Saturday, March 27, 2010

Spook Country


#431
Title: Spook Country
Author: William Gibson
Publisher: G. P. Putnam's Sons
Year: 2007
379 pages

Spook Country is less about its plot than it is about the idea that activities and images occur around you and you may never see or know about them. This is illustrated by a number of related narratives and descriptions that demonstrate this idea in action.

Spook Country is not about the story, but about the witnessing of the story. Nominal protagonist Hollis's role is to see, not to do. "Spook country" here takes multiple forms--CIA spooks, spirits, systema, virtual art installations, data and fake data, radiation. The tale of the locative art is also the tale of the mysterious shipping container--you can only detect it with specialized access, but it's there. Doing what? Sometimes just existing, and at other times meaning something.

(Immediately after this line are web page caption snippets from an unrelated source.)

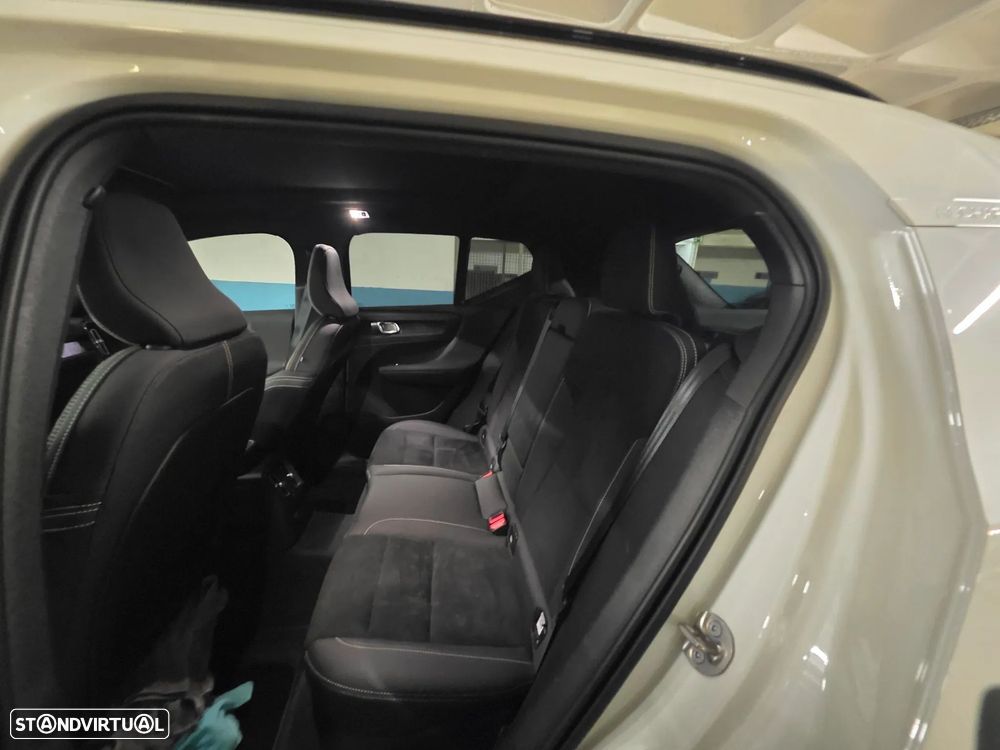 Volvo XC 40 - 9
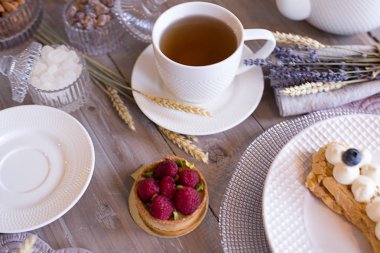 çay beyaz bardak ve kek ile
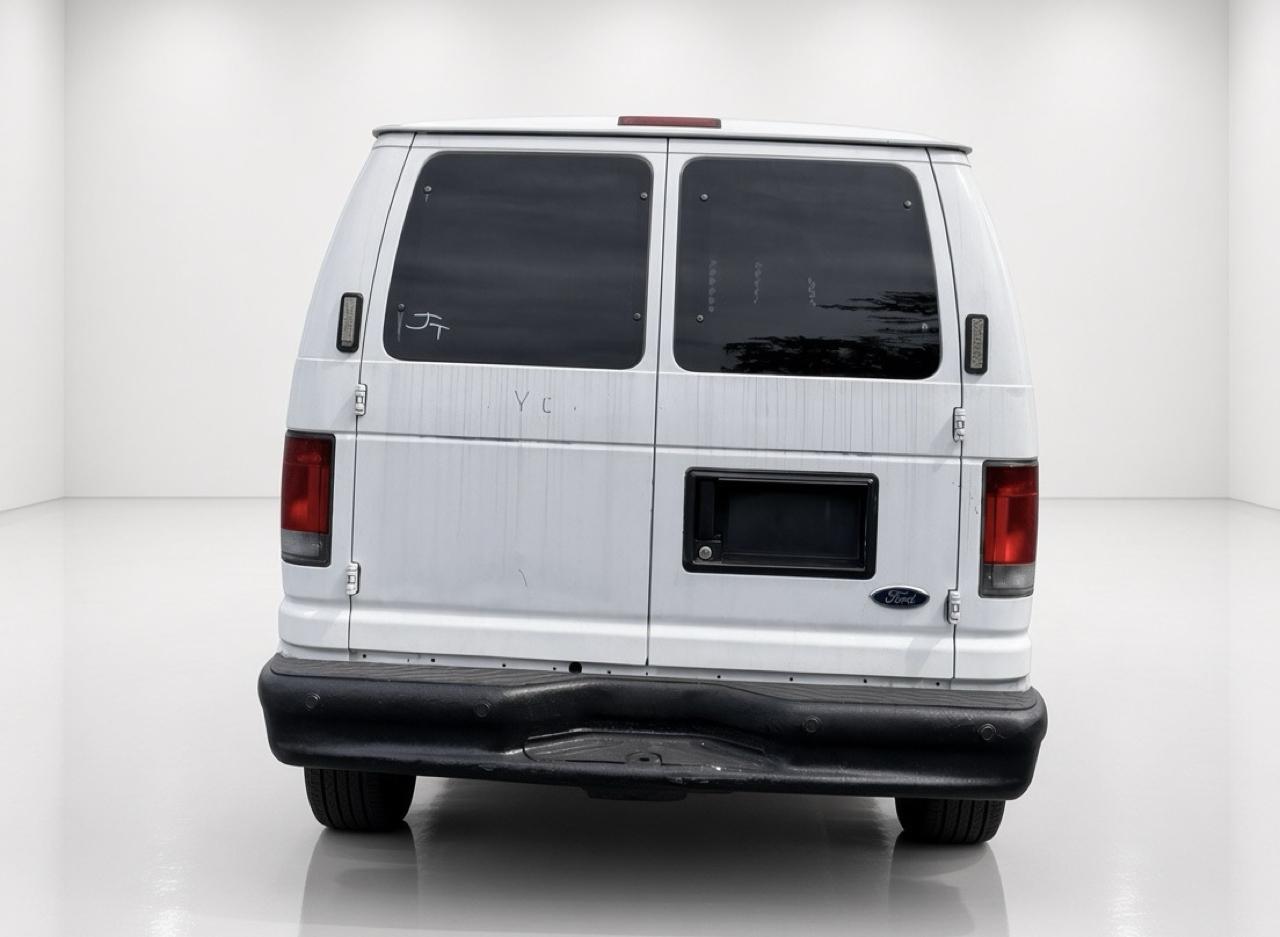 Ford Econoline Cargo Van  2011
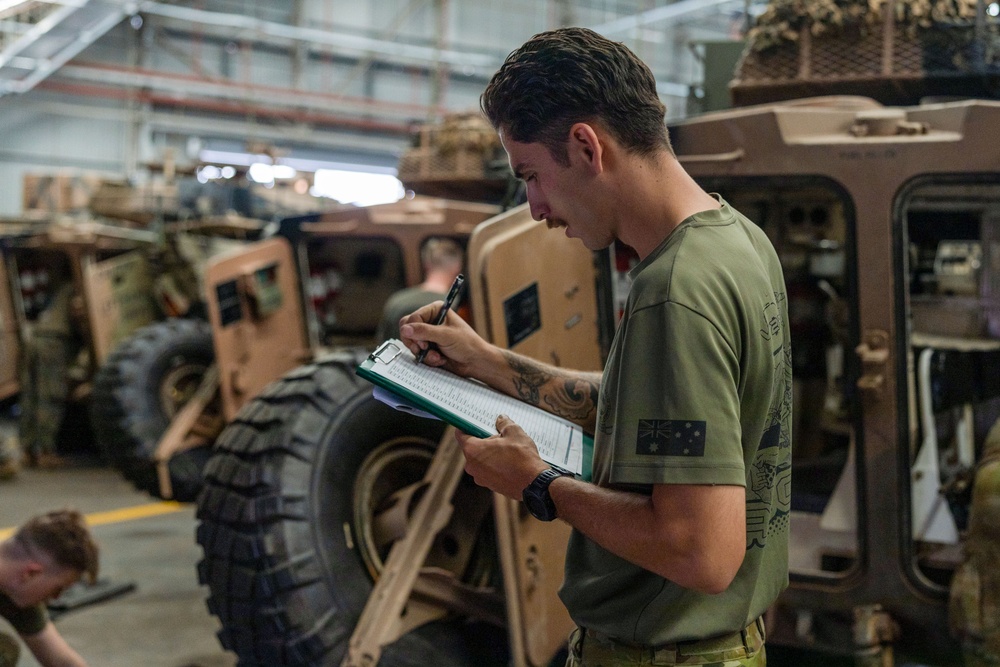 U.S. Marines, Australians begin Coral-Balmoral Cup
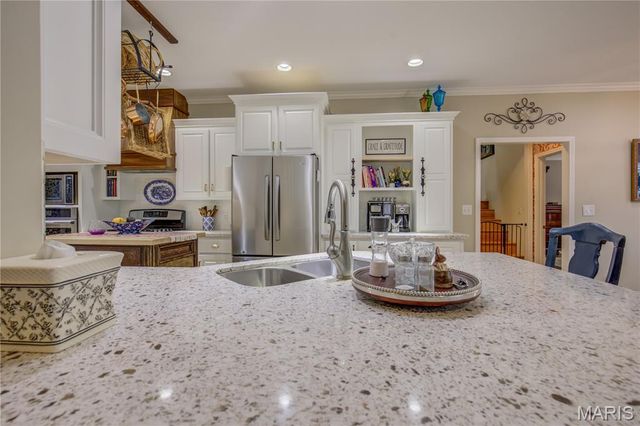 504 Thornwood Ave, Sikeston, MO 63801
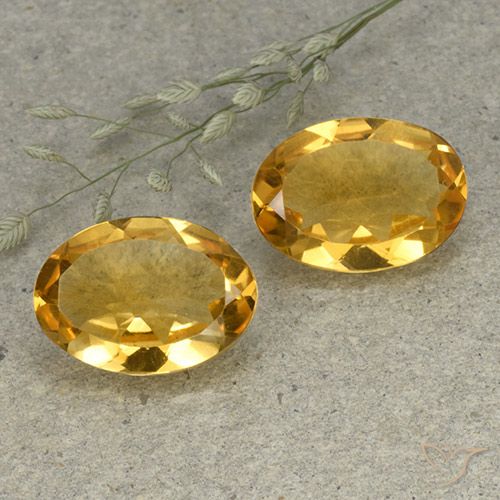 9.32ctw Natürlicher Mittel-Dunkelgold Citrin, Oval, VVS-VS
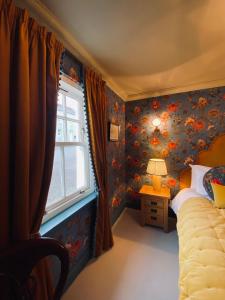 Roslyn House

Just as Tito's father was shot for no good reason, sometimes meaning is obscure or inheres only in our perceptions and fantasies, not in the data itself. Numinous moments are followed by more benzodiazepines. However, unanswered questions about meaning bother me: What's in it for Bigend? What's the danger of observers? Why does Bobby sleep or not sleep in particular squares of the grid? The answer "it doesn't mean anything" is as unsatisfying as the explanations "it was all a dream," "it was the drugs," or "he was insane."

Though "selling out" doesn't appear to be an explicit theme, it happens several times near the end. Perhaps this is to highlight that there are principles, and there is pragmatism.

I thought this was Gibson's best and most substantial novel since Idoru, which I am apparently alone in liking.